店は荒らされ、下を向けば命を落とし、倒れている人々が大勢いた。そして、そんな中一人金色の剣を握った少女が居た。
「…アリス…」
明久は金色の髪を靡かせる少女の名を呼ぶ。
「…どうして…」
明久はギリと音をたたせ、唇をかむ。
ようやく彼女とお互いを分かち合えた…。そう思っていた。普段プライドが高いからよく分からないだけで、彼女が誰よりも優しいことに気付けた。

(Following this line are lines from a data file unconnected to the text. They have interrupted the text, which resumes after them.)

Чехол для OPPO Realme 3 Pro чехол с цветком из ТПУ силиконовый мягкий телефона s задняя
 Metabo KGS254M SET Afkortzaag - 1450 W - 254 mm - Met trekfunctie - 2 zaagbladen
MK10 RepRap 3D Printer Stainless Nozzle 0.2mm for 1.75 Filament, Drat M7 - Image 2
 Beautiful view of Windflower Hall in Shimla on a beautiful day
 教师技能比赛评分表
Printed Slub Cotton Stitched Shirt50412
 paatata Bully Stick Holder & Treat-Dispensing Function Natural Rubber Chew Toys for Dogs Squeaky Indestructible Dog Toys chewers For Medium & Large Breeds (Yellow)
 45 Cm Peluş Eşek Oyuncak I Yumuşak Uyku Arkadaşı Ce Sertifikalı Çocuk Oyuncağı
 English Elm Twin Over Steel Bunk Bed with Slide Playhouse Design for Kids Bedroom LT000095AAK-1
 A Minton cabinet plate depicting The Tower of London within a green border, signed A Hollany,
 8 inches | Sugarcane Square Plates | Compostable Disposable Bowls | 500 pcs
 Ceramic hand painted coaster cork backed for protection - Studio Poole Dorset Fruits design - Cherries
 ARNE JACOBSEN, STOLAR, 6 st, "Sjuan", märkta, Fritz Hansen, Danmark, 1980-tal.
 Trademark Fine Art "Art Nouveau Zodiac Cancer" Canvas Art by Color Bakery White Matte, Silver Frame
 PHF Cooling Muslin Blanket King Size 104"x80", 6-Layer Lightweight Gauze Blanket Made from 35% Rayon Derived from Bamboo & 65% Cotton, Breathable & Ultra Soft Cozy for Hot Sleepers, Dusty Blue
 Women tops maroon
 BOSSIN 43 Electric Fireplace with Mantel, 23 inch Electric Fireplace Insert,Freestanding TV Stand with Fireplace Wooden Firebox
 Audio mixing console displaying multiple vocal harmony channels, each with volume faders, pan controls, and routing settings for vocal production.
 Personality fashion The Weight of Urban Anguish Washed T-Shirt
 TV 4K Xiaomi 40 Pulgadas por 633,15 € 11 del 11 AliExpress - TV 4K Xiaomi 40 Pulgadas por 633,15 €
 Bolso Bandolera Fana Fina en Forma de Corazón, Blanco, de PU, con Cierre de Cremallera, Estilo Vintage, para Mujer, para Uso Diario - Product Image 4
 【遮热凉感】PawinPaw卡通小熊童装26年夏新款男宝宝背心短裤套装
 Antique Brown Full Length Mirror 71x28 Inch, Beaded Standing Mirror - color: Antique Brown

そんな彼女がどうして人を殺している?どうして、あんなに苦しそうに血の涙を流している!?
「う…おおおおおおおおおおおおおおっ!」
明久は絶叫する。真っ直ぐアリスの方に向かいながら。
そして、地面に落ちていた王族の騎士の剣を二本とる。そして、それぞれ左右に一本ずつ持ち合わせる。
「アリスゥーーーーーー!」
明久の持つ二本の剣が真っ直ぐアリスの方に向かっていく。
(君が人を殺せるハズがないんだ!優しい君がこんな…)
その証拠に彼女からは真っ赤な涙が頬を伝っていた。
だから、この剣は彼女を殺すためではない。彼女を止めるために…。